── DATA PROVIDED

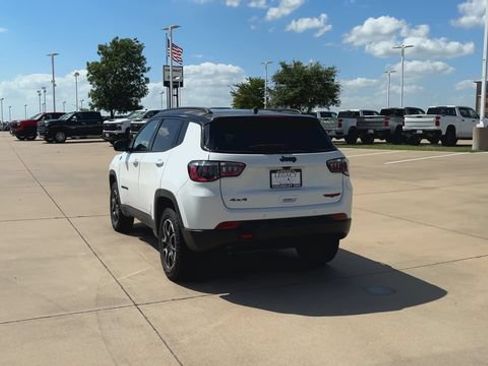Used 2024 Jeep Compass Trailhawk AWD/4WD image 8
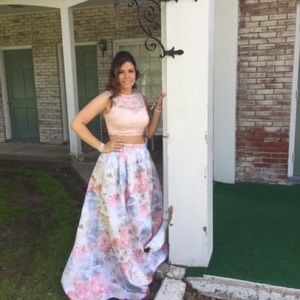 Beautiful 2 piece prom dress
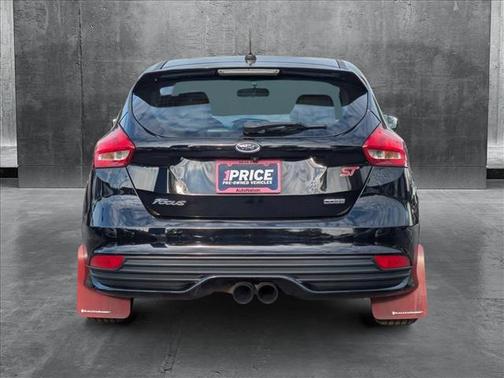 2017 Ford Focus ST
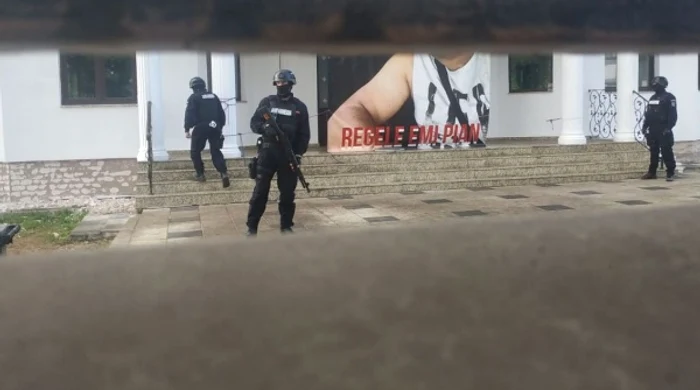 Locuința lui Emi Pian a fost percheziționată de polițiști în căutarea banilor sau a actelor de împrumut întocmite în seara crimei 
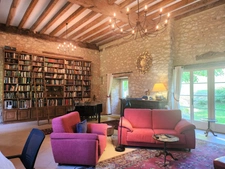 Beautiful historic stone property with wooded grounds - Outbuildings and swimming pool - for sale - near CASTILLONNES (47)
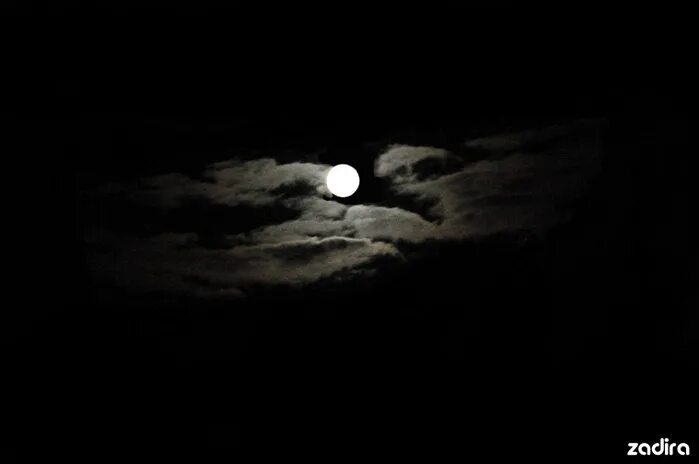 луна одиночество. светит одинокая луна. светит одинокая луна. отражение луны в море. одиночество в ночи.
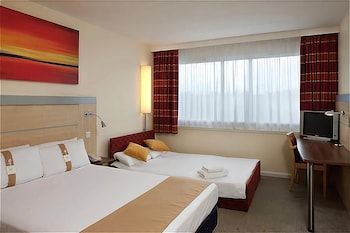 Holiday Inn Express Norwich 3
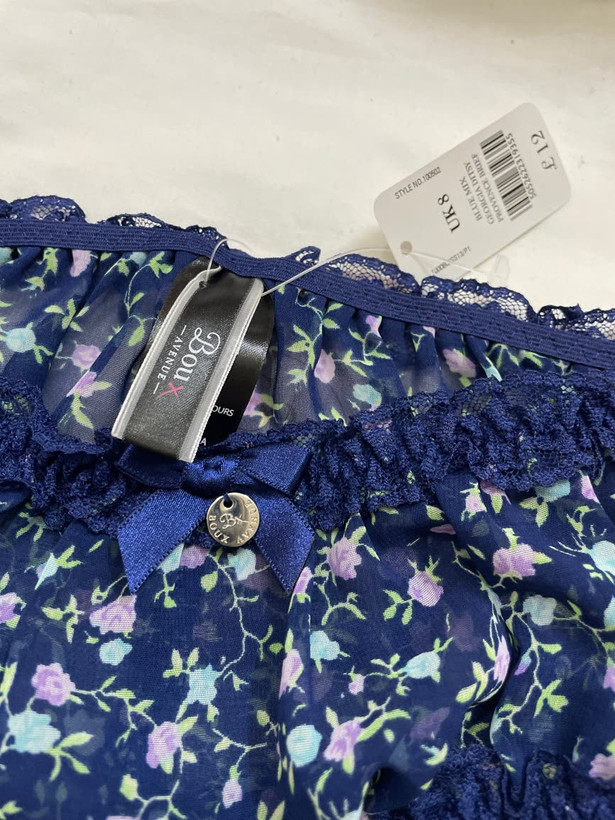 شورت زنانه لوکس و بسیار لطیف از برند لوکس Boux Avenue کشور انگلستان💎مدل Georgia Ditsy Provence Brief رنگ Blue Mix ترکیب سرمه ای بنفش و فیروزه ای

────

The output should consist of every entry above, printed exactly, with the images removed.

## SOLUTION FOR THIS EXERCISE
Used 2024 Jeep Compass Trailhawk AWD/4WD image 8
 Beautiful 2 piece prom dress
 2017 Ford Focus ST
 Locuința lui Emi Pian a fost percheziționată de polițiști în căutarea banilor sau a actelor de împrumut întocmite în seara crimei 
 Beautiful historic stone property with wooded grounds - Outbuildings and swimming pool - for sale - near CASTILLONNES (47)
 луна одиночество. светит одинокая луна. светит одинокая луна. отражение луны в море. одиночество в ночи.
 Holiday Inn Express Norwich 3
 شورت زنانه لوکس و بسیار لطیف از برند لوکس Boux Avenue کشور انگلستان💎مدل Georgia Ditsy Provence Brief رنگ Blue Mix ترکیب سرمه ای بنفش و فیروزه ای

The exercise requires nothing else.